I just did a blog entry about memes, and it reminded me of another meme I came across on Facebook. It was a close-up picture of Morpheus, from the movie The Matrix, and the caption read “What if I told you….it is possible to be an animal activist without posting graphic pictures of animals suffering” or something very similar.
I responded that while it certainly is possible, the graphic pictures serve a purpose. I know from my own personal experience that it was graphic pictures from slaughterhouses that made me become a vegan. I really didn’t understand the depths of the suffering in those places, and once I did, I could no longer be part of that in any way.
If those pictures worked on me, you can damn well be sure they work on others. So, no, they won’t disappear from Facebook anytime soon.
I also mentioned that if the pictures bothered people so much, then those people should honestly ask themselves why. I KNOW why they bother me—I feel hopeless, impotent despair because I cannot single-handedly stop the suffering. Even being vegan won’t make it stop—I am only one person, and it’s not enough. That rips at my heart.
But people who are not vegan who see those pictures and are uncomfortable with what they are seeing should question their feelings. If the images make you sad, or angry, WHY do they do so? Is it because you really don’t think those things should be happening to the animals? If you don’t, then why are you still participating in the system that does that to animals? Why are your actions not in line with your principles and feelings about animals? Is convenience and palate pleasure REALLY worth that suffering?
It’s tough to be confronted with truth that shifts your whole world and turns it upside down. I KNOW this, as I went through it when I became vegan. I, too, once ate meat. I had convinced myself I was an “animal lover”, but I ate them, wore them and didn’t really give much thought to them whatsoever.
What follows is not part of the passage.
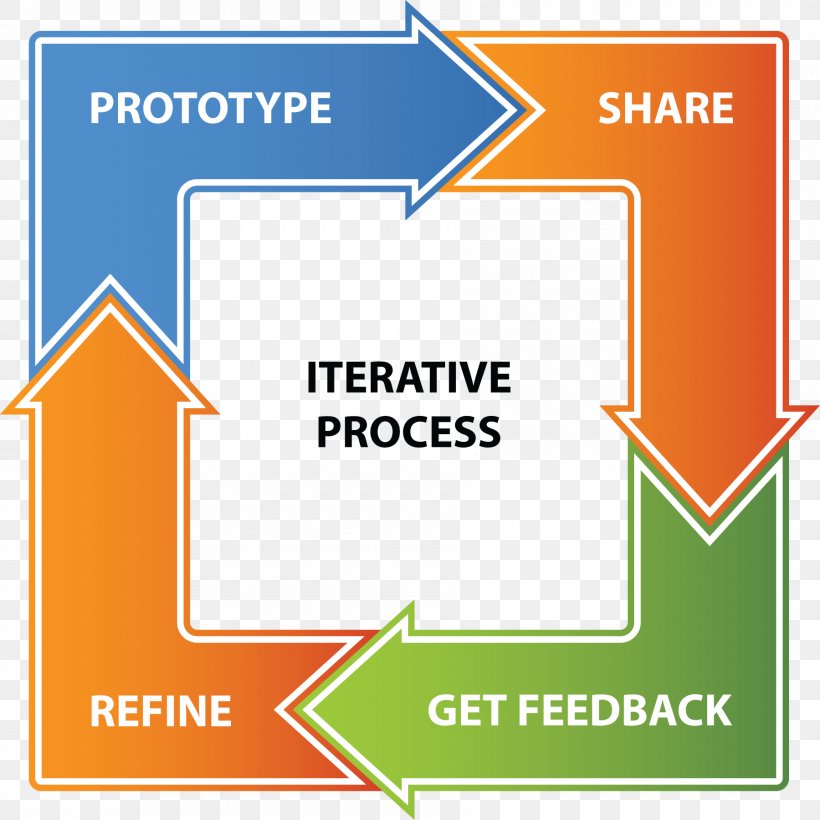 Iteration Iterative Design Diagram Process, PNG, 1800x1800px, Iteration, Area, Brand, Design Thinking, Diagram Download Free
When I saw the graphic pictures, I was confronted with the fact that the truth could no longer be overshadowed by lies I was telling myself. It was like being turned inside out. I was heart-broken. I had thought I was such a good, animal-loving person, but just look what I was part of! How could I claim to love them and then let those things be done to them only because I liked how they taste? What kind of person did that make me?
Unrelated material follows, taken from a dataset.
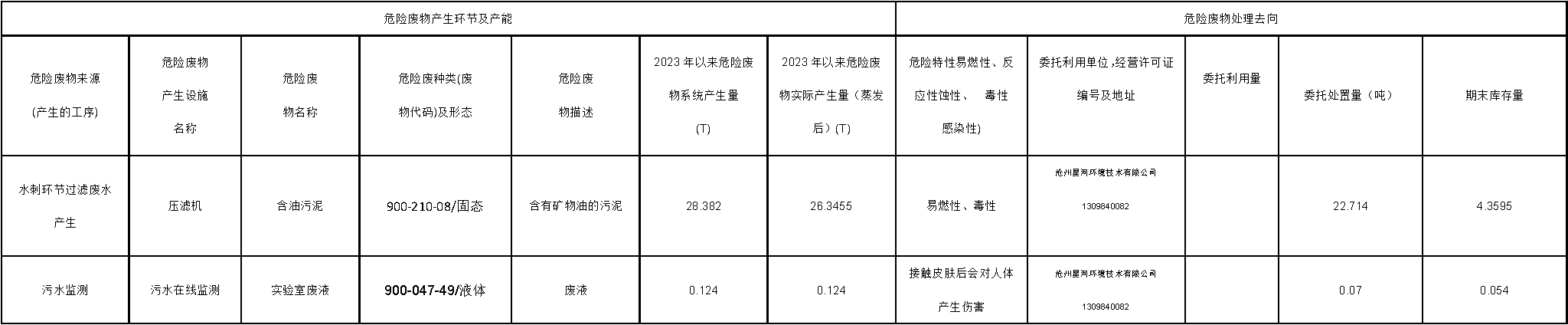古天乐太阳娱乐集团tyc4932023年第三季度危险废物信息公开表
The pictures made me question what my values actually are. What means the most to me: having animals brutalized and killed simply because they taste good and I like to eat them, or acknowledging that animals do not deserve to be used that way for my own selfish wants? I had no NEED to eat animals—I just liked to. Was that a good enough reason for the things I was seeing? What about the people doing those things? What was it like for them? What was the impact on them of killing hundreds of animals a day who want to live? Did those people go home to their families angry and hopeless, smashing down the ugliness that all that death and pain causes? Who was really profiting off my consumption habits? Me? Everything I read stated the opposite. The animals certainly weren’t profiting. So who was? Big industry, people who work really hard to keep images like the ones I had seen secret. Why were they so worried about people seeing those pictures? If what they do to animals is perfectly acceptable and nothing to get sad or angry over, then why is industry so desperate to keep people from knowing?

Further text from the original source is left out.